I’ve seen plenty of articles about this topic already, but I’d like to talk about it on my blog as well. It’s a pretty important topic in my opinion.
Let’s say you have a microcontroller peripheral that sends and/or receives a bunch of data. A good example of this type of microcontroller peripheral is a UART (universal asynchronous receiver/transmitter). That’s essentially a fancy name for a serial port–you know, the old 9-pin connectors you’d find on PCs. They were commonly used for connecting mice and modems back before PS/2, USB, and broadband took over. A UART basically does two things: receives data and transmits data. When you want to transmit data, you write a byte to a register in the UART peripheral. The UART converts the 8 bits into a serial data stream and spits it out over a single wire at the baud rate you have configured. Likewise, when it detects an incoming serial data stream on a wire, it converts the stream into a byte and gives you a chance to read it.
I’m actually not going to go into detail about UARTs yet because I feel it’s really important to understand a different concept that we will need to know when we learn about how to use UARTs. That concept is an interrupt-safe circular buffer. This lesson is dedicated to understanding this very important data structure. The next post I write will then go into more detail about UARTs, and that post will use a concept that you will learn about in this post. OK, let’s get started with circular buffers.
A common problem when you are receiving or transmitting a lot of data is that you need to buffer it up. For example, let’s say you want to transmit 50 bytes of data. You have to write the bytes one-by-one into the peripheral’s data register to send it out. Every time you write a byte, you have to wait until it has transmitted before writing the next byte. (Note: Some microcontroller peripherals have a hardware buffer so you can write up to 16 [for example] bytes before you have to wait, but that hardware buffer can still fill up, so this concept I’m describing still applies)
A typical busy loop sending the data would look like this:
char data[50]; // filled with data you're transmitting for (int x = 0; x < 50; x++) { while (peripheral_is_busy()); peripheral_send_byte(data[x]); }
This loop is simple. For each of the 50 bytes, it first waits until the peripheral isn’t busy, then tells the peripheral to send it. You can imagine what implementations of the peripheral_is_busy() and peripheral_send_byte() functions might look like.
While you’re transmitting these 50 bytes, the rest of your program can’t run because you’re busy in this loop making sure all of the bytes are sent correctly. What a waste, especially if the data transmission rate is much slower than your microcontroller! (Typically, that will be the case.) There are so many more important tasks your microcontroller could be doing in the meantime than sitting in a loop waiting for a slow transmission to complete. The solution is to buffer the data and allow it to be sent in the background while the rest of your program does other things.

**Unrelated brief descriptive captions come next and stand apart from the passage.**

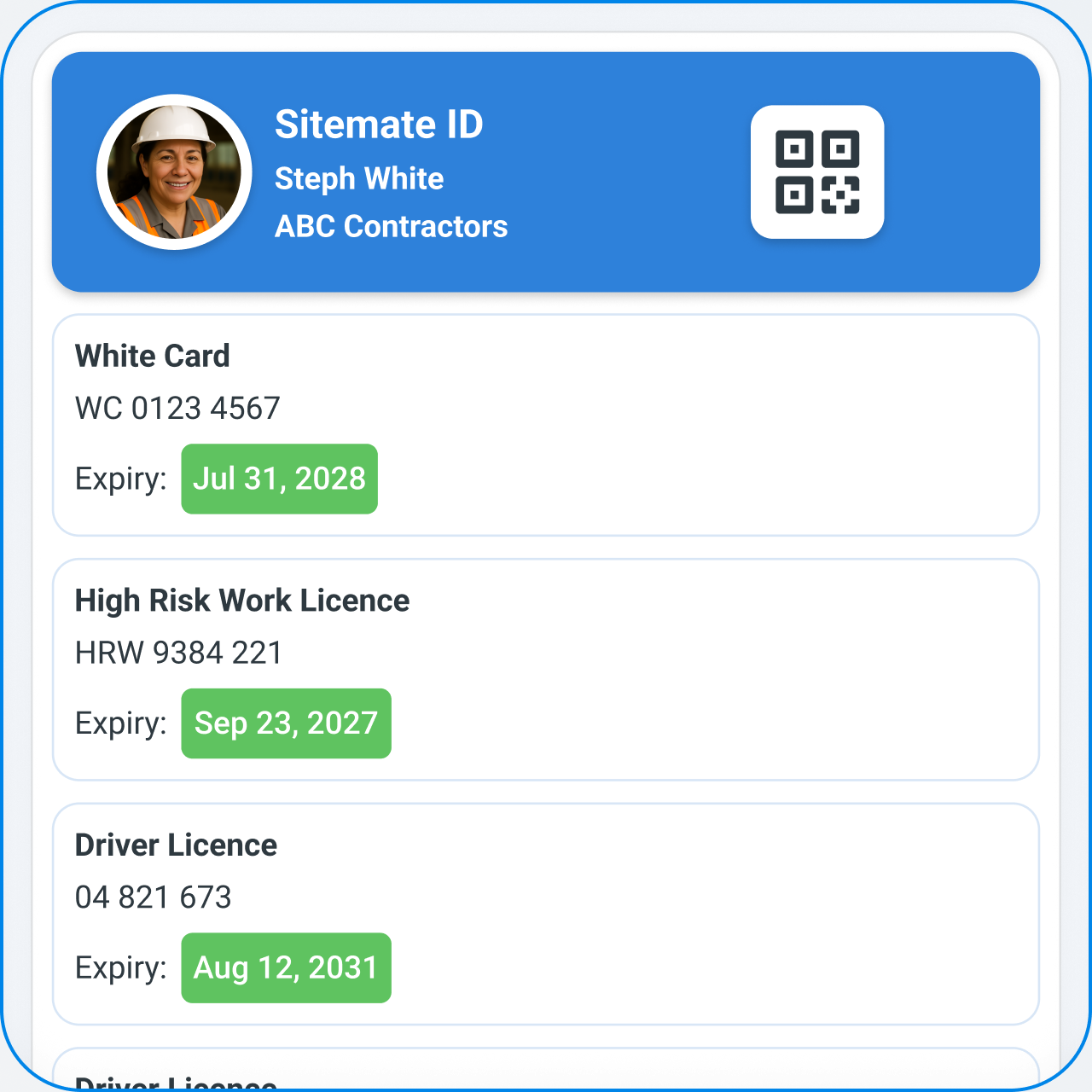 A Sitemate ID with saved cards and certifications, each showing its expiry date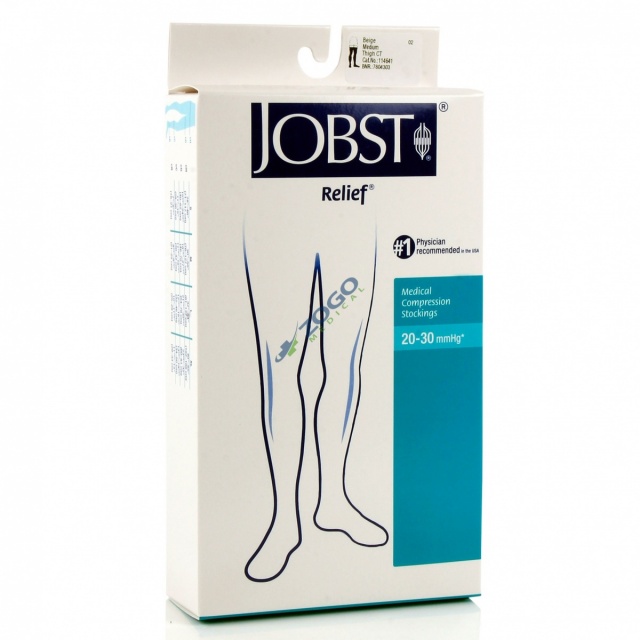 Jobst Relief 20-30 Thigh High Closed Toe Beige Stockings - Medium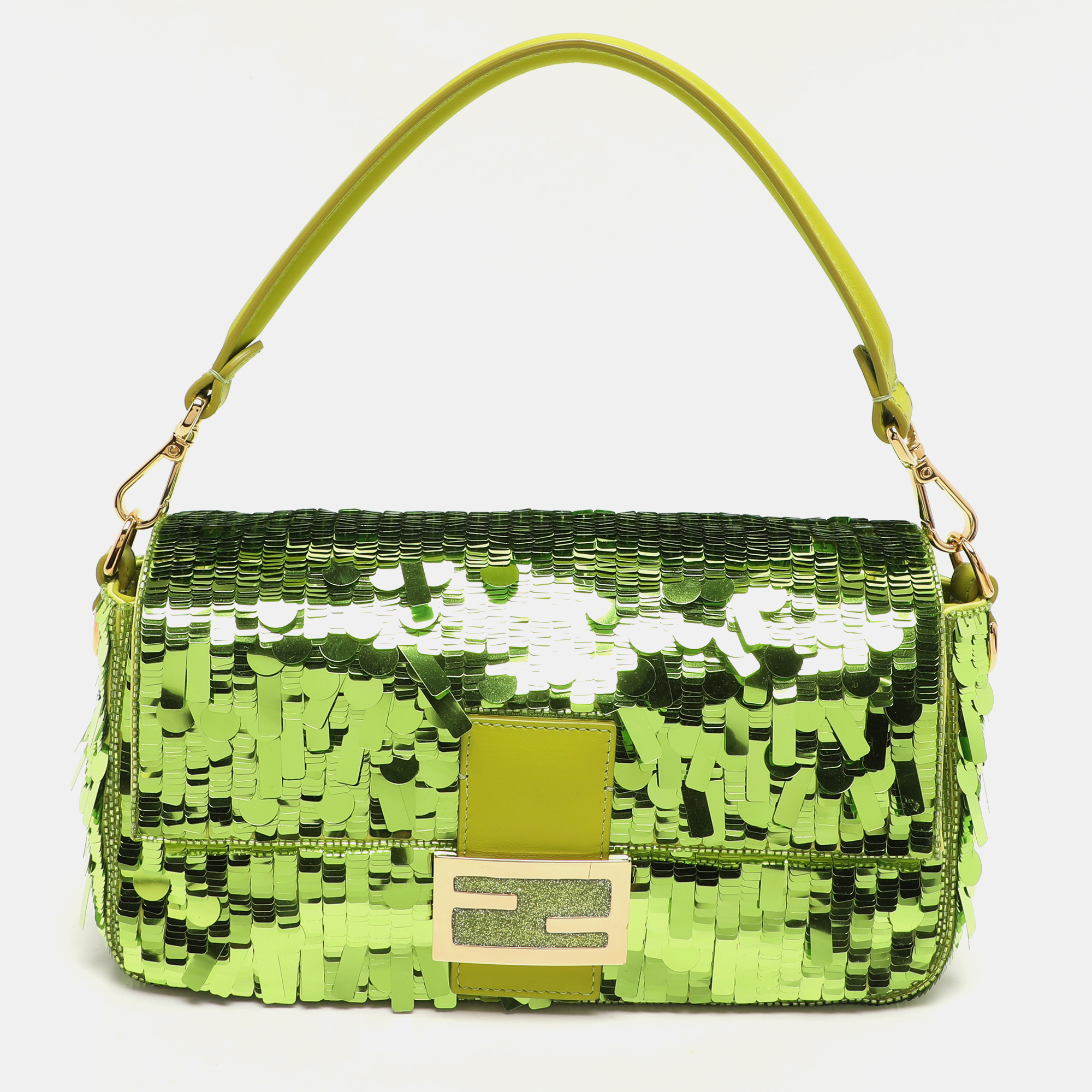 

Fendi Green Sequins Paillettes Medium Sex and The City Baguette Bag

So how do you buffer the data? You create a buffer that will store data waiting to be transmitted. If the peripheral is busy, rather than waiting around for it to finish, you put your data into the buffer. When the peripheral finishes transmitting a byte, it fires an interrupt. Your interrupt handler takes the next byte from the buffer and sends it to the peripheral, then immediately returns back to your program. Your program can then continue to do other things while the peripheral is transmitting. You will periodically be interrupted to send another byte, but it will be a very short period of time — all the interrupt handler has to do is grab the next byte waiting to be transmitted and tell the peripheral to send it off. Then your program can get back to doing more important stuff. This is called interrupt-driven I/O, and it’s awesome. The original code I showed above is called polled I/O.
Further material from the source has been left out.